_THE PROBLEM_.
Take the records below and set down exactly the lines from the one with "3 إلى 17 مفتاح" to the one with "Heart Rate Pulse Line Art Illustration.", ends included; do not copy the pictures.

(Image-text web data)

****************************************

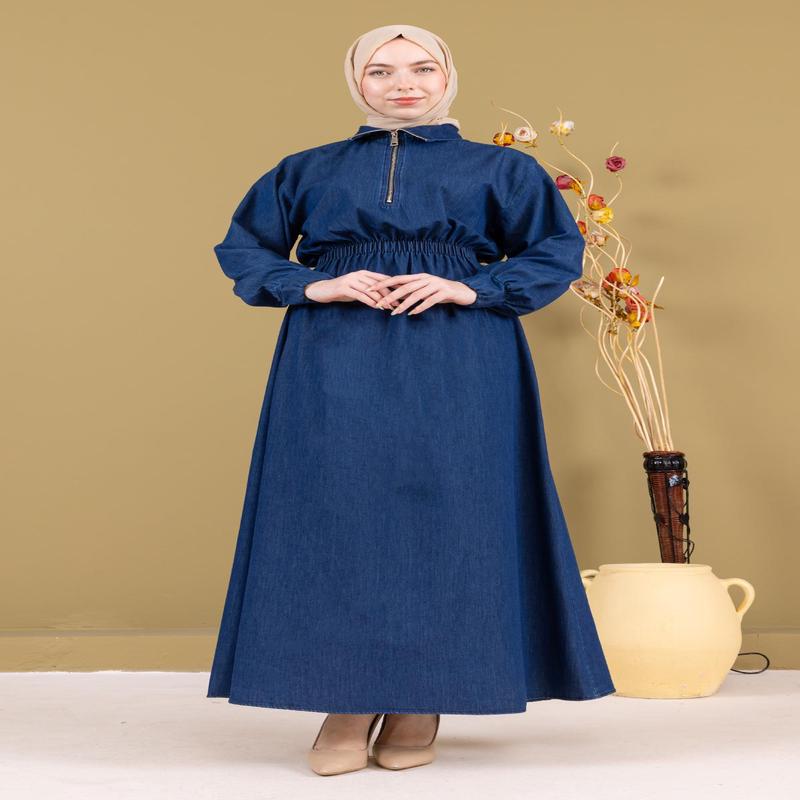 Zippered Elastic Waist Denim Dress Dark Blue Msw19240-2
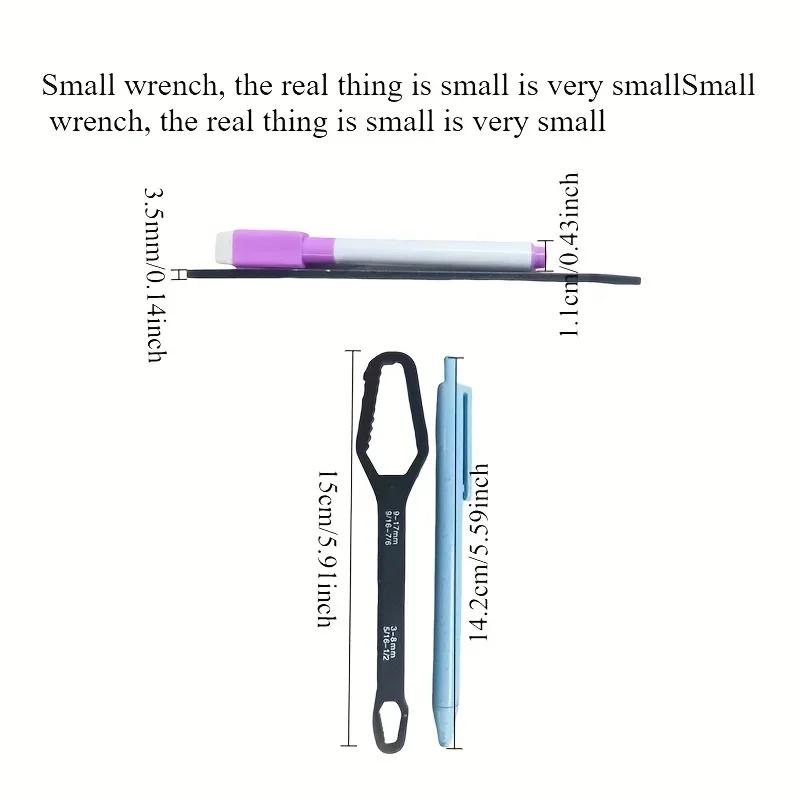 3 إلى 17 مفتاح ربط أسود متعدد الوظائف ذو نهاية مزدوجة مسدس مزدوج نهاية مفتاح ربط صلب أداة صامولة بأقطار مختلفة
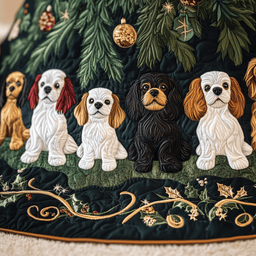 Cavalier King Charles Spaniel Quilted Tree Skirt Unique Valentine�s Day Gift Merch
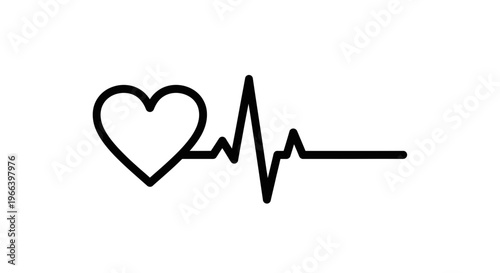 Heart Rate Pulse Line Art Illustration.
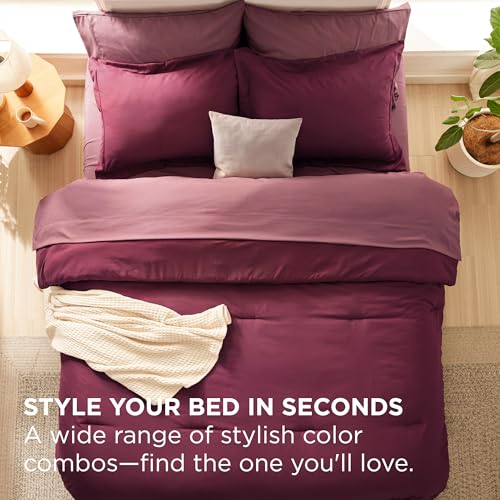Bedsure King Size Comforter Set - 7 Pieces Burgundy King Bedding Set for All Seasons, Boho Contrasting Design Bed in a Bag with Comforter, Sheets, Pillowcases & Shams Bedsure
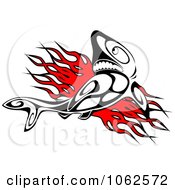 Poster, Art Print Of Tribal Shark And Flames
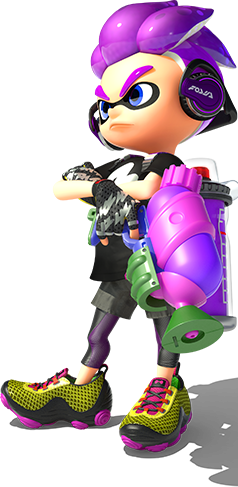 1boy, 3d, bike_shorts, black_shirt, blue_eyes, crossed_arms, cuttlefrsh_(splatoon), eye_mask, fingerless_gloves, frown, full_body, gloves, gradient_hair, headphones, holding, holding_weapon, ink_tank_(splatoon), inkling, inkling_boy, inkling_player_character, looking_ahead, lowres, multicolored_hair, official_art, purple_hair, shirt, shoelaces, shoes, short_sleeves, smile, sneakers, solo, splatoon_(series), splatoon_2, splattershot_(splatoon), spotted_hair, standing, t-shirt, tentacle_hair, thick_eyebrows, transparent_background, two-tone_hair, v-shaped_eyebrows, weapon, yellow_shoes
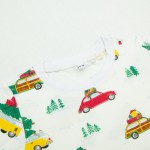 婴儿连体衣供应商-定制活性印花有机竹纤维拉链批发睡衣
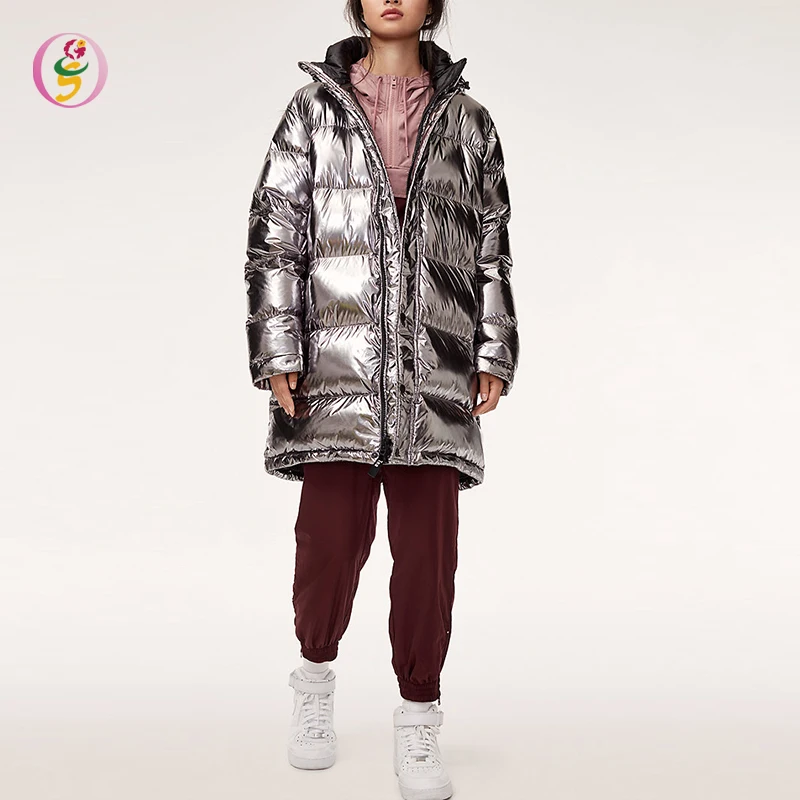 shiny mid length puffer jacket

****************************************

_OUTPUT OF THE EXERCISE_.
 3 إلى 17 مفتاح ربط أسود متعدد الوظائف ذو نهاية مزدوجة مسدس مزدوج نهاية مفتاح ربط صلب أداة صامولة بأقطار مختلفة
 Cavalier King Charles Spaniel Quilted Tree Skirt Unique Valentine�s Day Gift Merch
 Heart Rate Pulse Line Art Illustration.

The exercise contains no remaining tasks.